3. Natural Family Planning: Being a Prophet in Your Own Parish

Sunday, June 12th, 2011

In his 1995 teaching on prophecy, Fr. Al also noted that prophecy was a means of deliverance.  Moses was the prophet of deliverance from the slavery of Egypt.  Jesus was the prophet of deliverance from the slavery of sin.  I suggest that the teaching of the Church regarding marital chastity is the prophecy of deliverance from the slavery to sexual sin.

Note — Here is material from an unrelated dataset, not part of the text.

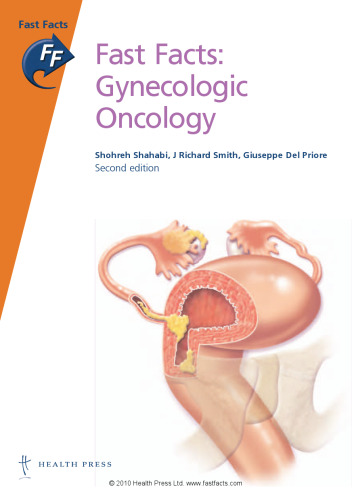 Fast Facts: Gynecologic Oncology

Father Al noted further that the general reaction to prophecy is negative.  Certainly that was the case in the Old Testament.  Certainly that was the case among most of the Jewish leadership at the time of Jesus.  And certainly that was the reaction to Humanae Vitae.  And it is also the reaction of most bishops and pastors to the idea that a full course on natural family planning should be a normal part of preparation for marriage.  In 1989 a committee of American bishops published a document on preparation for marriage in which they urged that every engaged couple should be required to attend a full course on NFP, not just a couple hours squeezed into a pre-Cana Day (Faithful to Each Other Forever by NCCB Bishops’ Committee for Pastoral Research & Practices, Dec 1989).  At present, 21 years later, only six dioceses have that requirement.  In western Cincinnati, only Fr. Mark Watkins at St. Lawrence has that requirement.  I understand that perhaps some of the recently ordained associate pastors have that as a personal goal, but it’s not yet a parish policy.

So your request may meet with initial rejection.  And my request to you may meet with initial rejection.  That is all par for the course.

You may rightly ask: Is this necessary?  Aren’t people already well instructed on these things?  And aren’t large numbers of Catholics already practicing NFP?  After all, we see empty pews and the closing of schools and parishes.  Isn’t that due to the selfish use of NFP?  As far as we can tell, less than 5 percent of Catholics are using natural forms of conception regulation.

If 95% of married couples in their fertile years are using unnatural forms of birth control, that means that the typical Catholic parish is very badly affected or infected by slavery to sexual sin.  In turn, that means that you and your pastor have the opportunity to help deliver your parish from that slavery to sin.